Sorry if this seems very basic but I tried to search the answers but I only found the posts that ask for ID conversions or downloading sequences from identified miRNAs.
I am trying to figure out if there is a way to identify tens of thousands of miRNA sequences in a mouse miRNA seq data. I tried mirBase that use nBlast to identify the microRNA based on the sequence input but it only allow for one sequence at a time. It works but is pretty slow. Basically this is what the data look like below, just two columns... miRNA seq and number of reads. Is there any simpler/more efficient method? I tried to look through miBase bioconductor but I think it doesn't have the utility to do mass identification, I am not sure,
AAGCTGCCAGTTGAAGAACTGT 791753
TTCAAGTAATCCAGGATAGGCT 659068
TACCCTGTAGAACCGAATTTGT 595526
TTCACAGTGGCTAAGTTCTG 483846
TTCACAGTGGCTAAGTTCTGC 323892
You can always do this search locally by downloading mature miRNA sequences from miRBase and then use
blat
locally.But if you want to use a GUI based way then use sequence search at RNACentral (50 sequences at a time) or at miRBase using the same tool.
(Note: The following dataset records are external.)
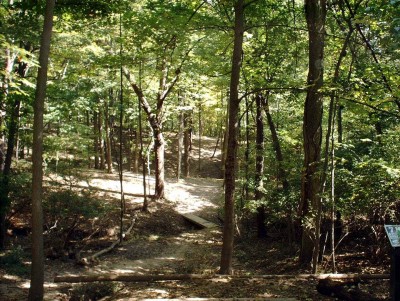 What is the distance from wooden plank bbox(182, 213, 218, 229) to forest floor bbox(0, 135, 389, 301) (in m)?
0.29

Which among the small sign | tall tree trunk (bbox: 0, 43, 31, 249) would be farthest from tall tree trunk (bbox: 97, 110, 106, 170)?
the small sign

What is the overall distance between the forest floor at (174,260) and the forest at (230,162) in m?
0.07

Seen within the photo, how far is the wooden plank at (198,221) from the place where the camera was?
57.8 ft

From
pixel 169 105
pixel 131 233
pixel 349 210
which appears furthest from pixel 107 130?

Thanks so much! I feel really dumb, didn't realize that you can just download mature miRNA seq file!
The way I do this analysis is to align the reads to the genome and then pull the Ensembl annotations (including known/annotated miRNA - you can use the biomaRt package to do this or even just use the Ensembl GTF files) and count them up as standard features (just like normal RNA-seq).